Woman suffering from PTSD fights to keep emotional support monkeys

Many people who have survived a trauma, and come out the other side with serious psychological damage, know exactly how helpful emotional support animals can be.

Typically, these animals take the form of common domesticated pets: dogs, cats and rabbits. Their simple companionship can assist people suffering from mental disorders such as anxiety, depression, and panic attacks.

However, a woman from Missouri has been fighting to keep the emotional support animals that she has raised for the last 20 years - which she claims have helped her manage post-traumatic stress disorder. So what's the big issue? Namely, that the animals in question are three monkeys.

Check out this news report about the dispute: 

Texanne McBride-Teahan keeps a trio of monkeys in her new home just outside of St Louis: a black-capped capuchin named Paula, a patas named Zoey, and a bonnet macaque named Kalie Anna.

She's never had any complaints about them in her prior address, but now concerned neighbours have petitioned Creve Coeur city council to force McBride-Teahan to give them up, alleging that the wild animals are dangerous.

Commenting on the situation in a recent interview with CNN, she stated: "Monkeys are little. Less than nine pounds. Pictures show they aren't dangerous. To me, they are lifesavers for my PTSD. We just want to live in peace."

An image of a macaque. Credit: Getty

But McBride-Teahan's next-door neighbour Jim Hentschell told KMOV-TV interviewers that: "They belong in zoos, you know, or in their natural habitat ... I believe in the rule of law.

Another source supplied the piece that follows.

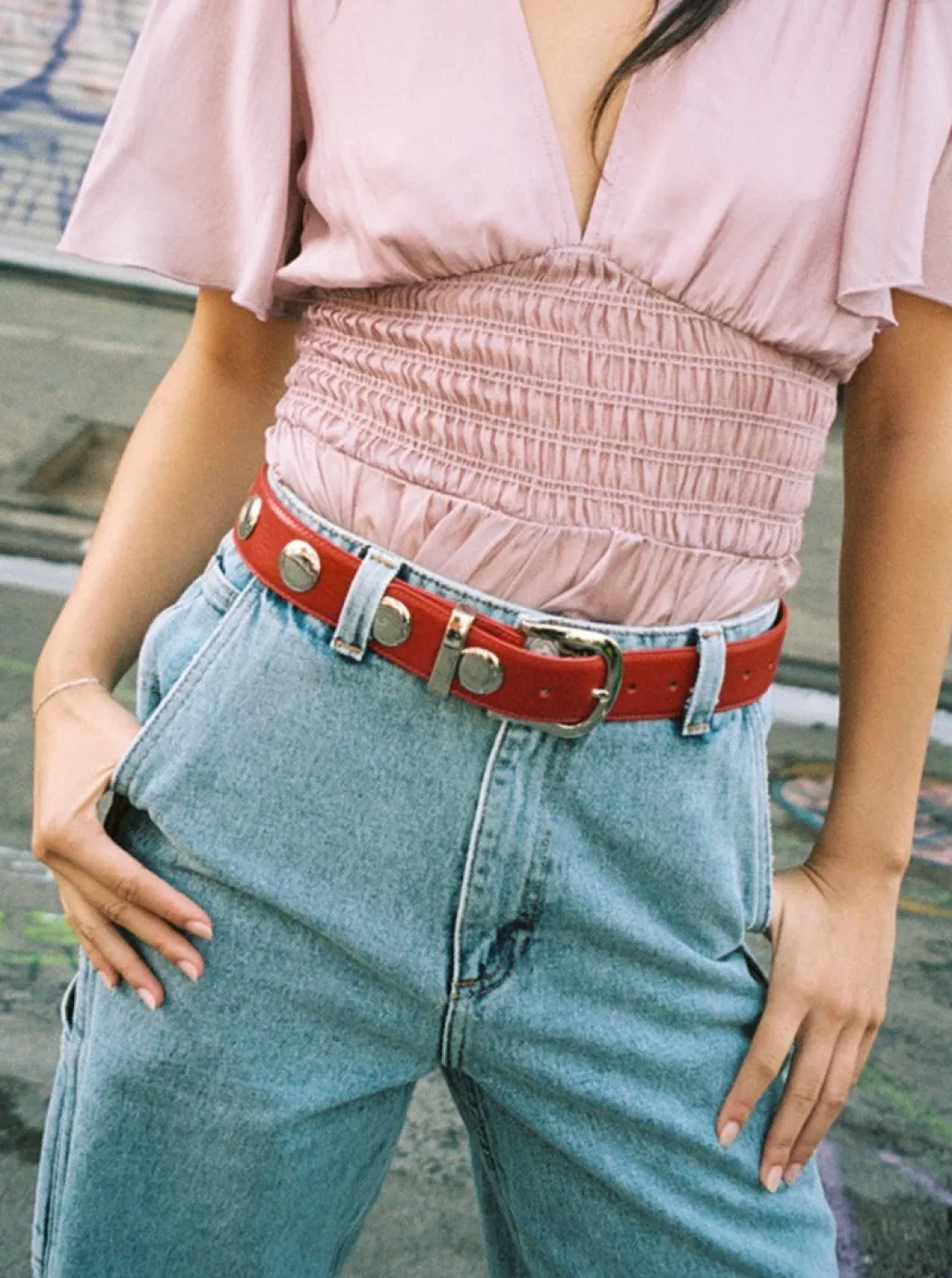 Emery Grommet Belt - Scarlet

If they are considered a dangerous animal and can carry something as nasty as hepatitis, they shouldn’t be here."

According to the official website of the Americans with Disabilities Act, emotional support animals are not classified as service animals, and thus are not privy to the same privileges when it comes to where they are permitted in public spaces.

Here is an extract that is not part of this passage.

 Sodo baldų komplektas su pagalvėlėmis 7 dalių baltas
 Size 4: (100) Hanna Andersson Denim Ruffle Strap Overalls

The site states: "Because they have not been trained to perform a specific job or task, they do not qualify as service animals under the ADA.  However, some State or local governments have laws that allow people to take emotional support animals into public places.  You may check with your State and local government agencies to find out about these laws."
McBride-Teahan is scheduled to appear in court in November to resolve the issue.